Northland Nature Journal: It may be late, but spring is worth celebrating
Amazing what a difference a week makes — from near knee-deep snow to fire danger, from driving on the lakes to not being able to walk out, from shoveling snow to turning the soil over in the garden.
Another year where we go from winter to summer in a blink of an eye!
Waterfowl are moving through in big numbers, as are robins, juncos and a few sparrows. The phoebe is now calling by the garden.
Quite a few overwintering butterflies are still looking for first spring azure.
I saw my first hepaticas blooming — my favorite and so nice to see after so much white. Normally, they bloom on April 17. This year, it was April 25.
The chorus and wood frogs are calling, with the peepers starting to join in. On average, they begin calling on April 12, but I first heard them April 25 this year.
Spring is here, and as I wrote in my first phenology journal on May 1, this is my "happy new year!" I can now say I finally made it through another winter and the time of new birth.
But with the good comes the bad, so be careful for deer and wood ticks — both are now out. Just remember this: When you hear the ruffed grouse drumming the deer ticks are out.
I recorded the first mosquito on April 28 of this year, one week later than average.

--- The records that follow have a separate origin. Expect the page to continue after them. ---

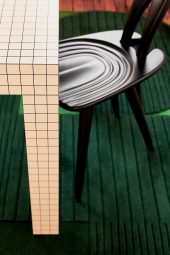Sedia Fenis CM Zanotta Lato Home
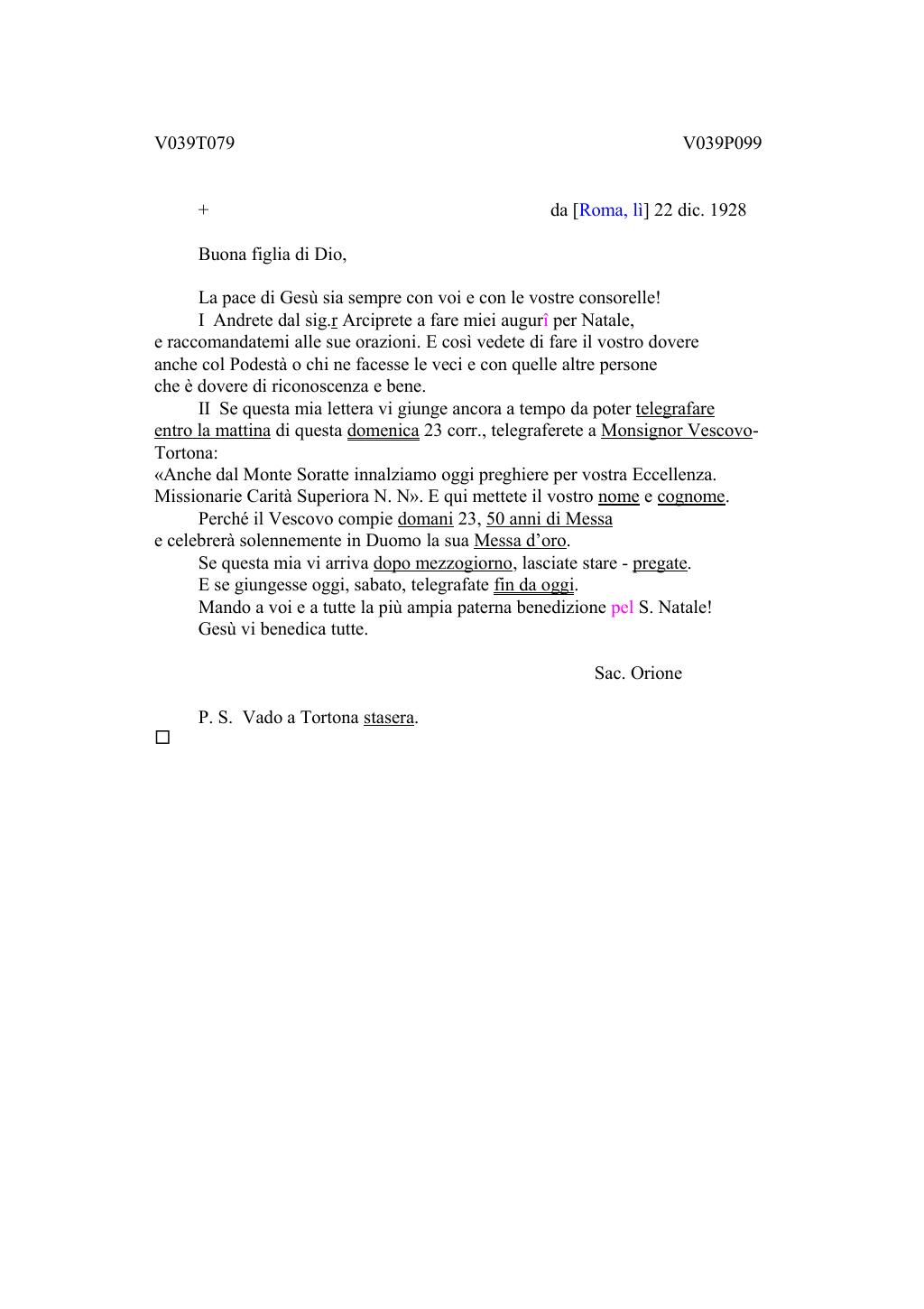 Scritti. Volume 039, pagina 105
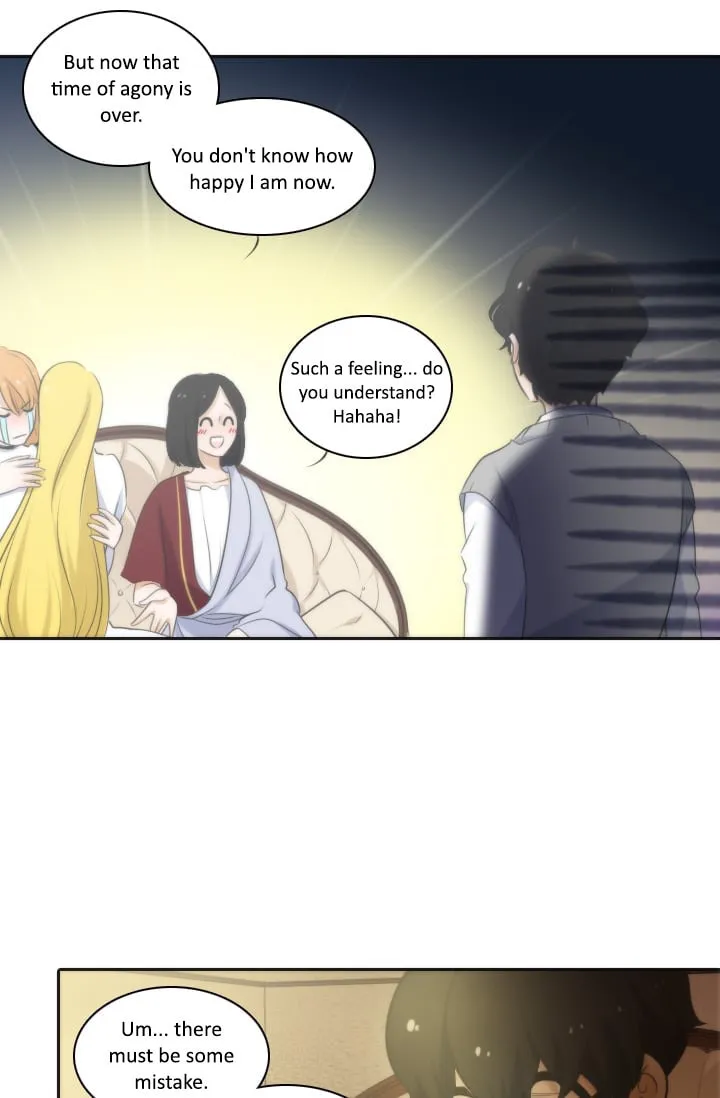 Elqueeness Chapter 4 page 14 - 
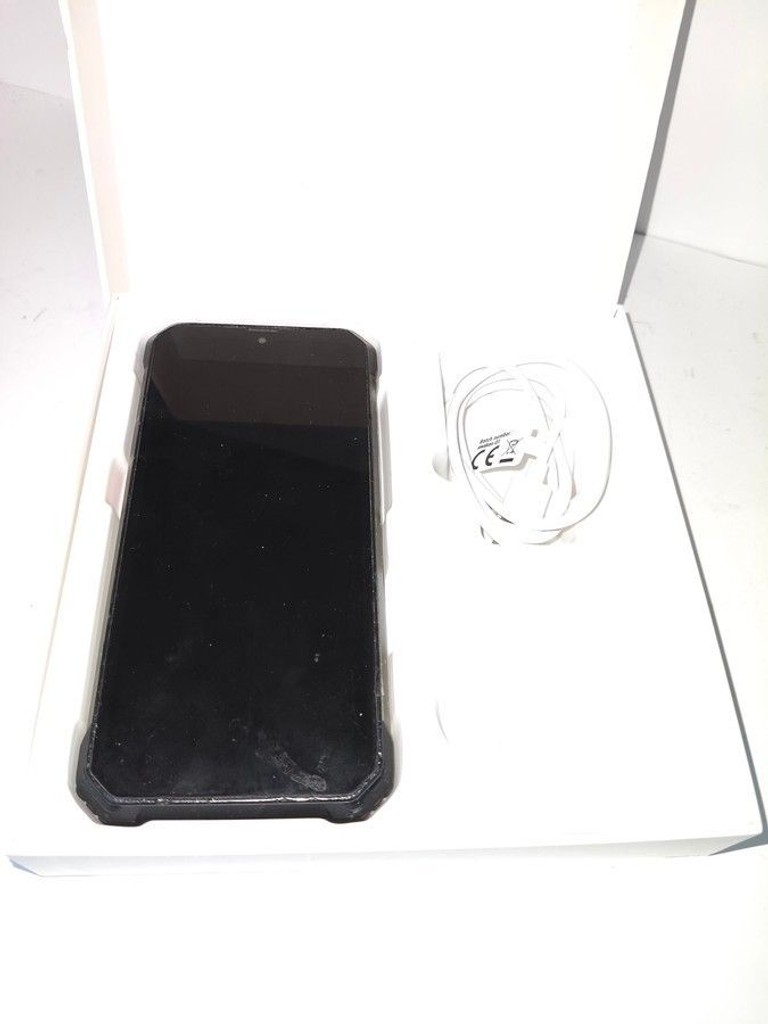 Blackview Oscal S80 6/128GB Black Код:01-201064564. Зображення 6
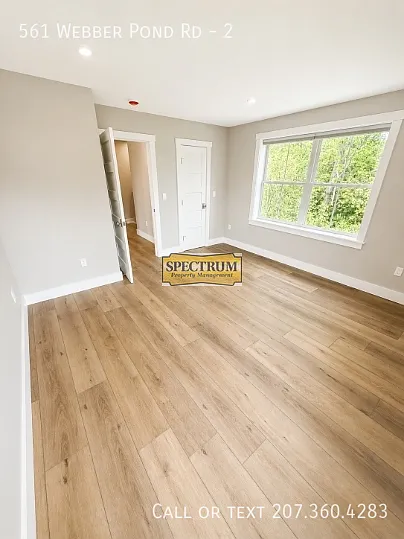 561 Webber Pond Rd #2 — Photo 5
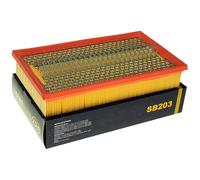 Filtro Aria Originale SCT SB 203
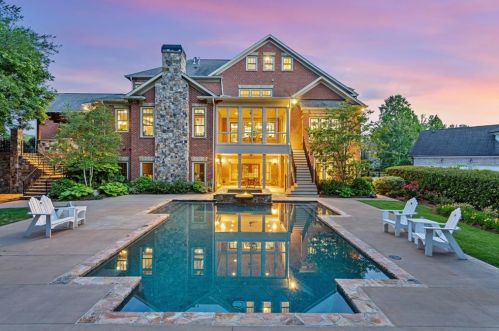 766 Tate Overlook, Marietta, GA 30064-2078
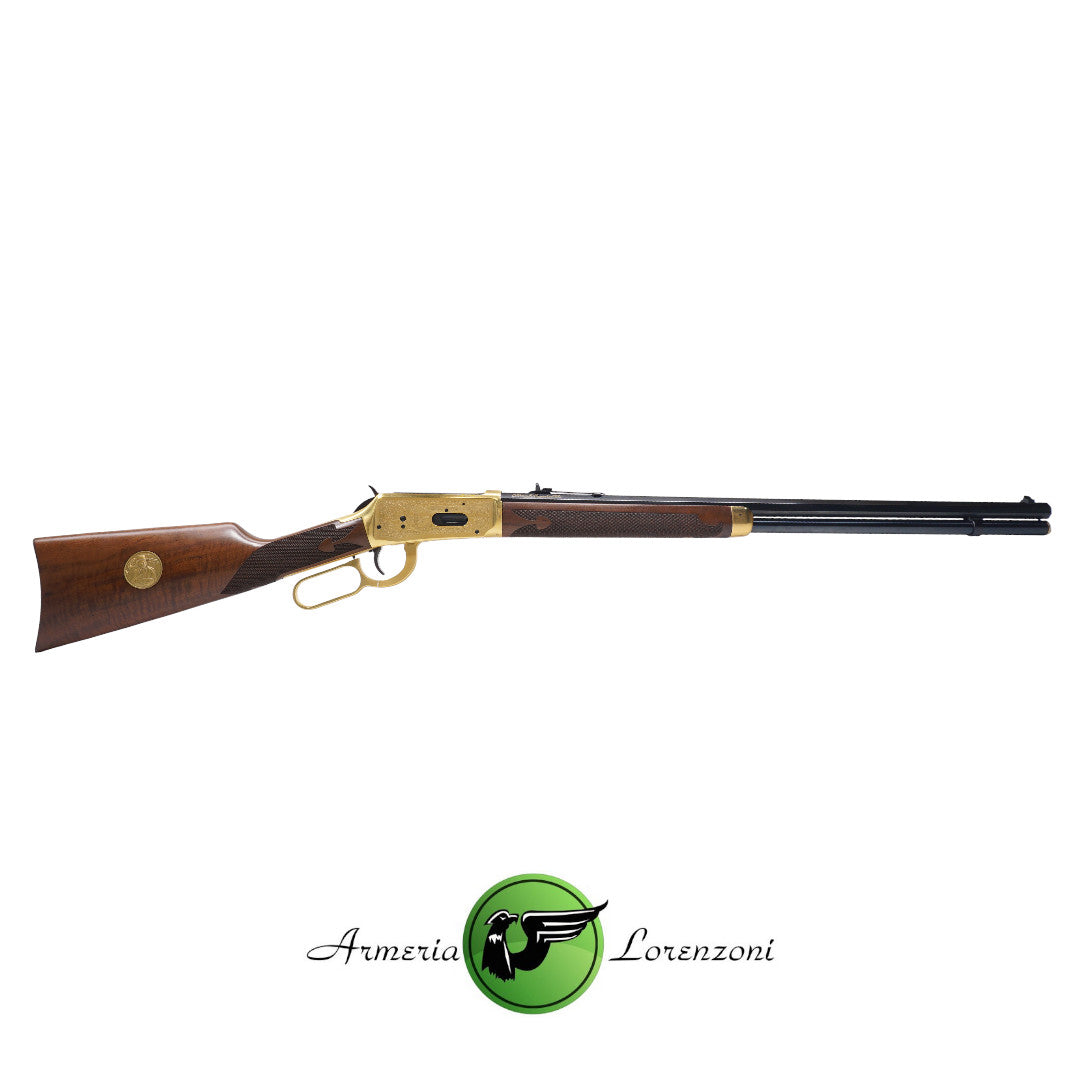 WINCHESTER DA COLLEZIONE 94 OLIVER F. WINCHESTER CAL 38-55 WIN USATO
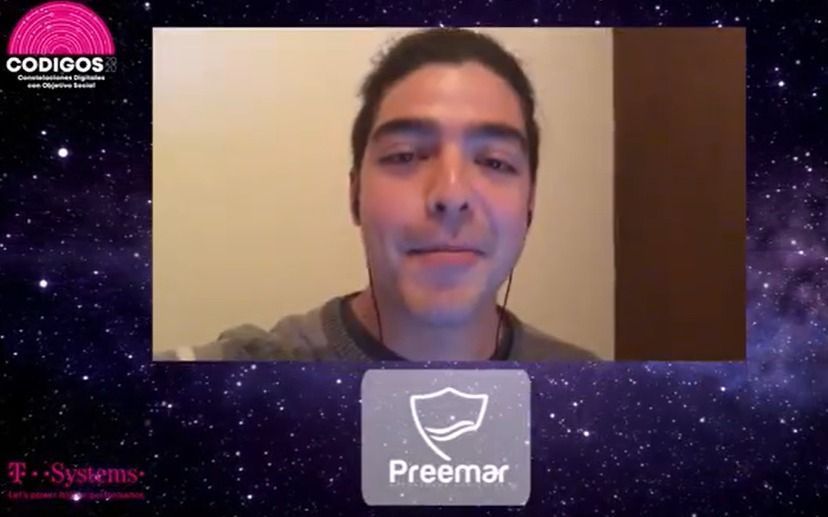 Se fortalecen ganadores de un proyecto de emprendimientos con impacto social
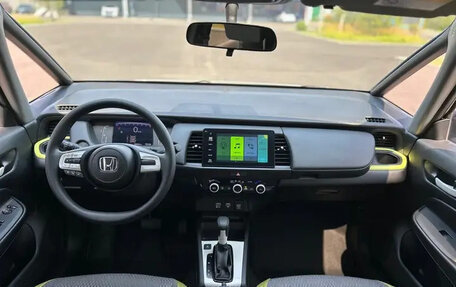 Honda Fit, 2022 год, 1 210 334 рублей, 7 фотография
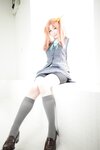 [Cosplay][my suite] Atsuki あつき - スパッツと競泳水着を堪能するROM Suite Collection.36 (Kancolle)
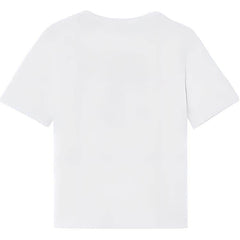 Burberry Kaos Logo Seri Huruf, Unisex, COD '"B-68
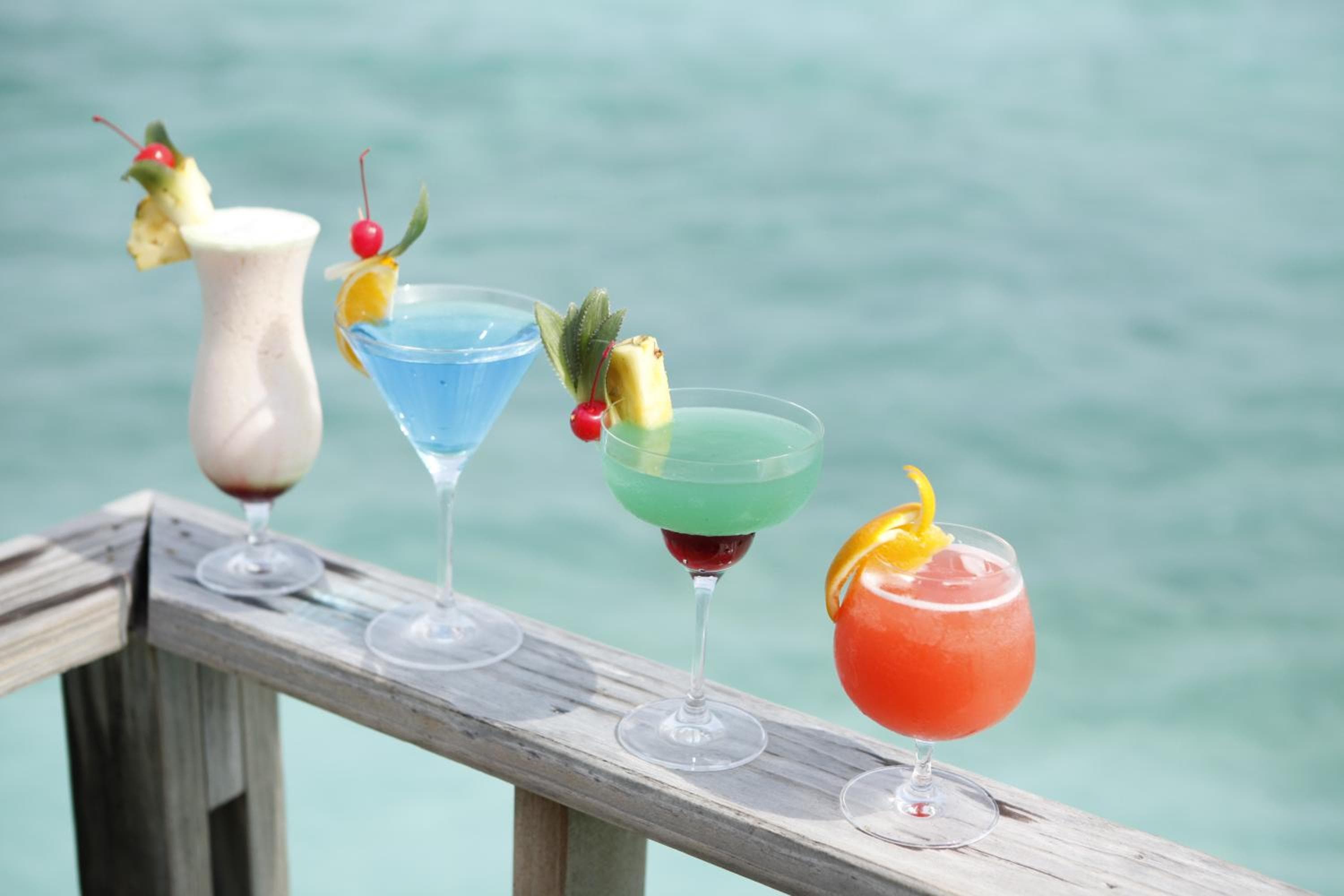 Eriyadu Island Resort - View 24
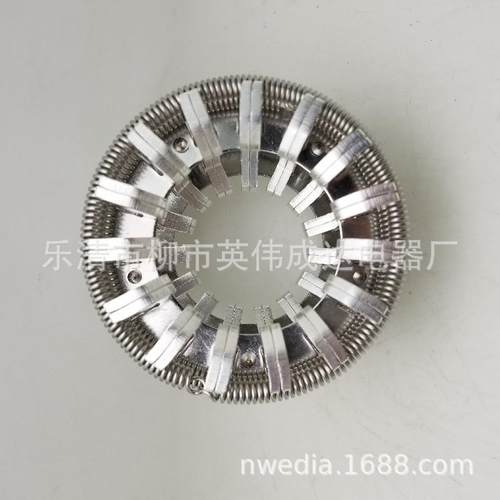 1250A梅花触头弹簧捆绑式10-35KV高压手车2000AVS1动触头GC5-630A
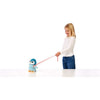 My Little Penguin - MOOSE TOYS - LITTLE LIVE PETS - Pinguino elettronico interattivo con accessori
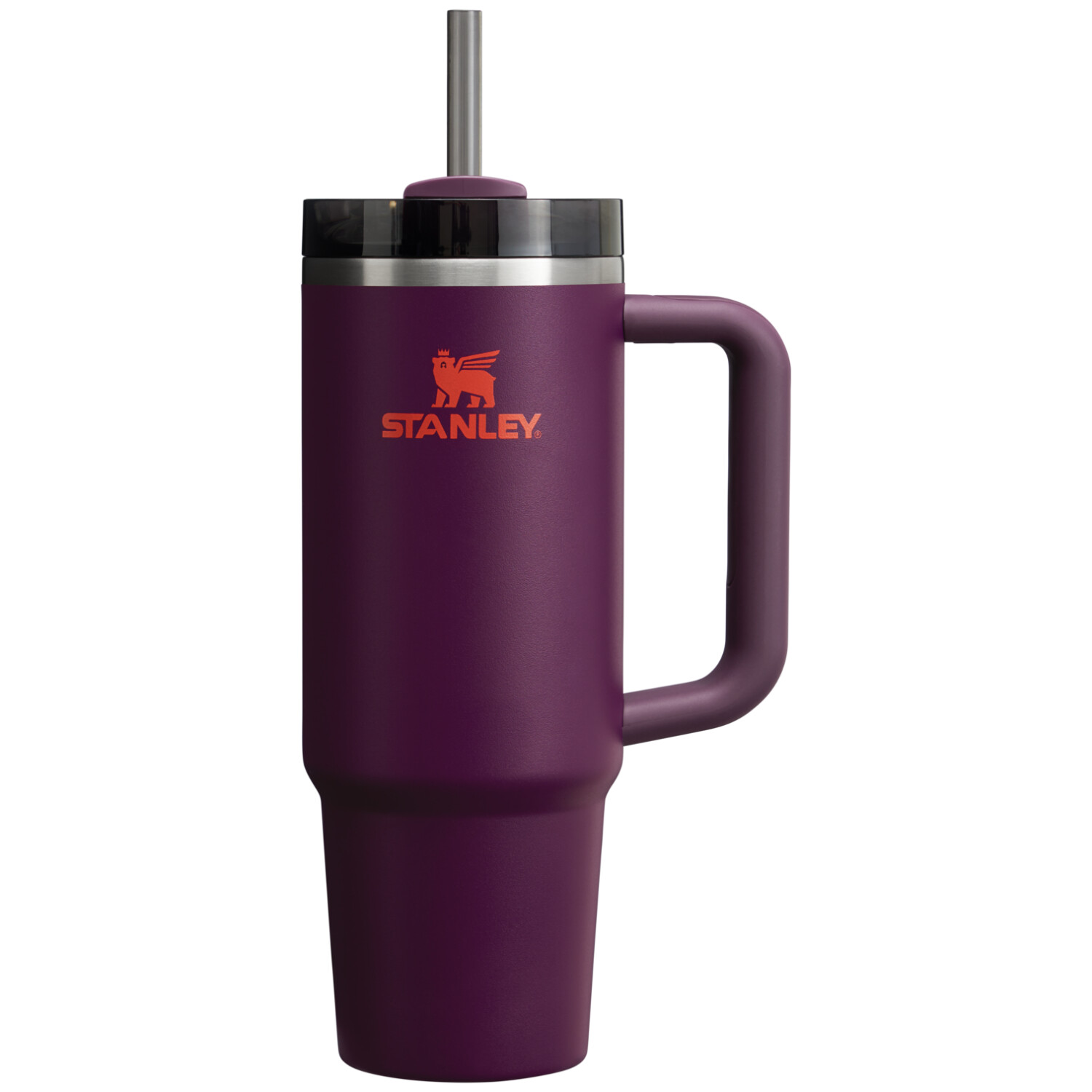 Stanley Quencher H2.0 FlowState 1,2 l prune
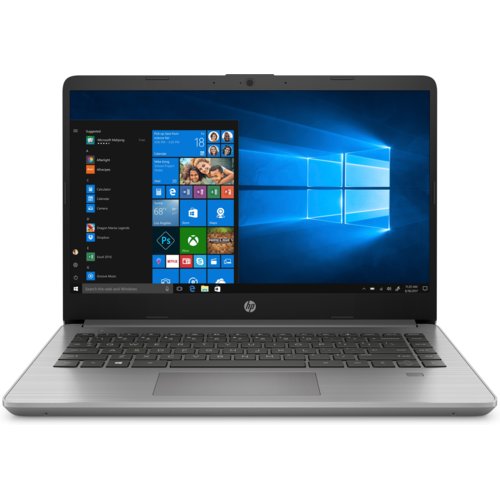 Laptop HP 340S G7 9VY24EA i3 14FHD 8GB 256GB W10p64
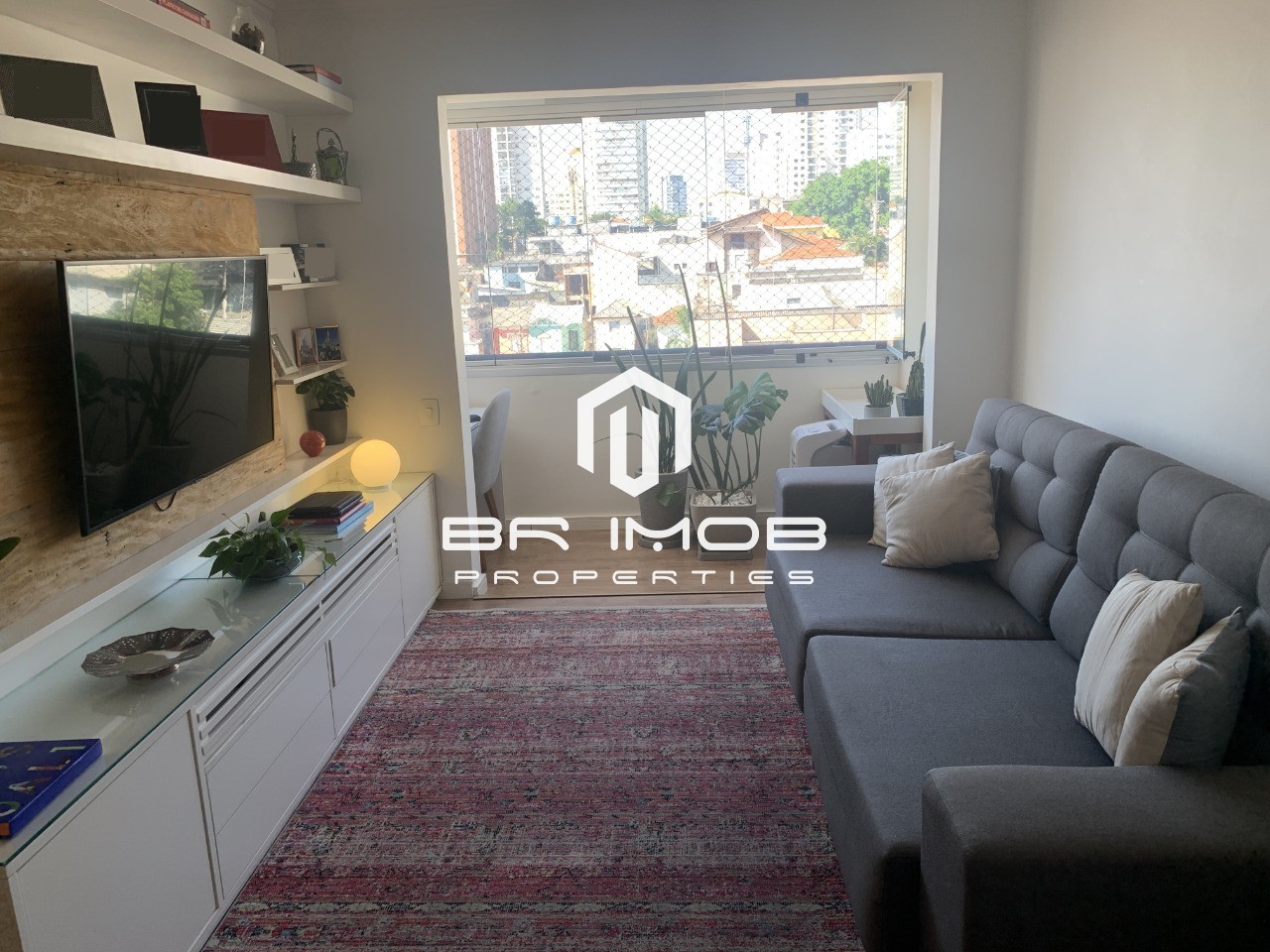 Apartamento à venda com 3 quartos, 93m² - Foto 5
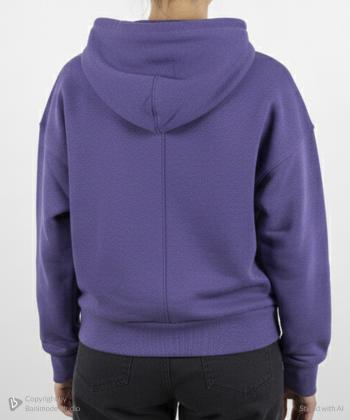 سويشرت زنانه هاليدي كد D19408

The loons are back. Interestingly, they grab fish; they don't spear it like heron. I learned that hand-feeding them for a few years on Shingobee Lake. Loons are very territorial around their nest. I have even found dead ducks stabbed in the breast. I'm assuming the loon attacked from underneath. Loons are very social while out in middle of lake and will congregate in numbers. They feed and splash and carry on. Did you know they only wail while on the northern lakes and only have the summer plumage while in Minnesota? While on their winter grounds in the Gulf of Mexico and Atlantic Ocean, loons are gray in color. In fact, they molt before leaving, so you will never see the loon that's on our license plates with fall colors in trees and summer colors of a loon. The Minnesota license plate is phenologically wrong. The artist messed it up all for color.
Other first sightings this year are one week to 10 days later than average, such as a fresh pocket gopher mound, active chipmunk, blue heron, mourning dove, mourning cloak, phoebe, broadwing hawk, yellow-rumped warbler and a painted turtle sunning itself.